AIM OF THE EXERCISE
Your copy of the listing should match it exactly, only without pictures.

INFORMATION SHOWN
───

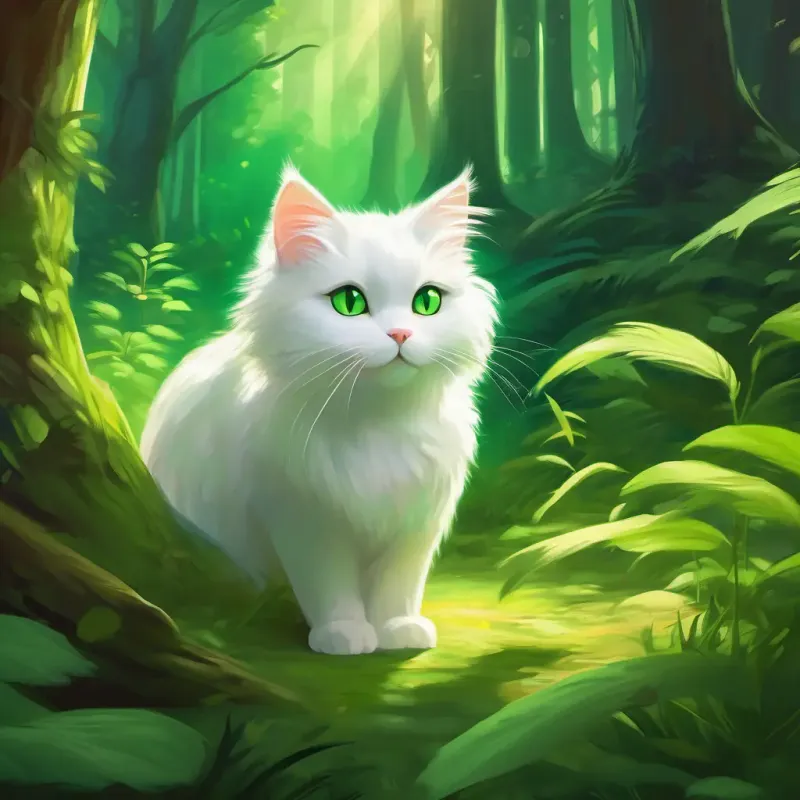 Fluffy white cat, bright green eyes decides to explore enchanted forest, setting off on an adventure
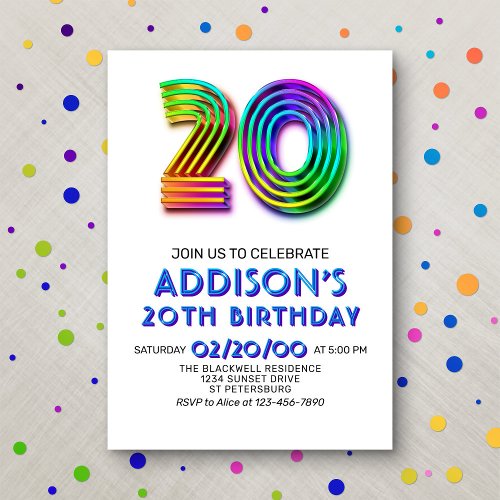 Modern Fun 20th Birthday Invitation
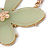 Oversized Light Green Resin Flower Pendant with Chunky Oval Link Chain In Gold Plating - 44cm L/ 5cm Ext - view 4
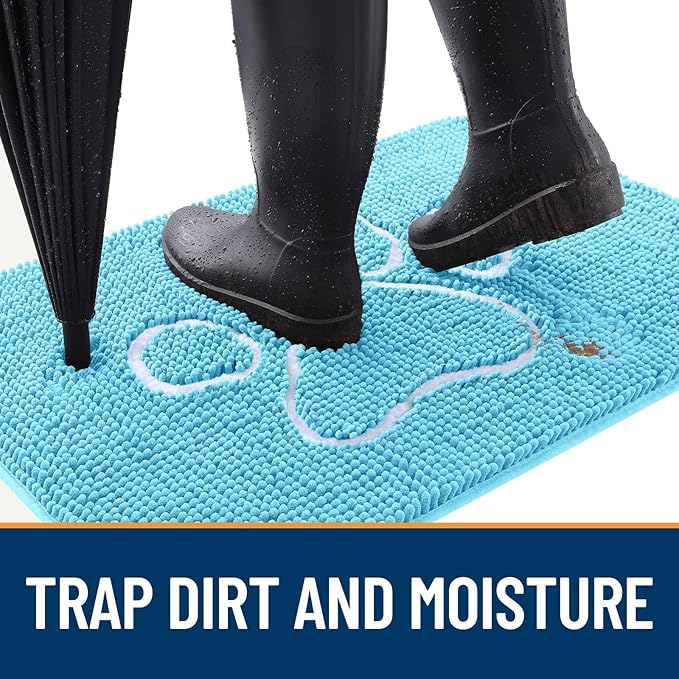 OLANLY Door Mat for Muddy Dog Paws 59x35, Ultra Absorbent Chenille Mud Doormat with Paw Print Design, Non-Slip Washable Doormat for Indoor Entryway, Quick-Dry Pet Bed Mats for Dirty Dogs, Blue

───

RESPONSE
 Fluffy white cat, bright green eyes decides to explore enchanted forest, setting off on an adventure
 Modern Fun 20th Birthday Invitation
 Oversized Light Green Resin Flower Pendant with Chunky Oval Link Chain In Gold Plating - 44cm L/ 5cm Ext - view 4
 OLANLY Door Mat for Muddy Dog Paws 59x35, Ultra Absorbent Chenille Mud Doormat with Paw Print Design, Non-Slip Washable Doormat for Indoor Entryway, Quick-Dry Pet Bed Mats for Dirty Dogs, Blue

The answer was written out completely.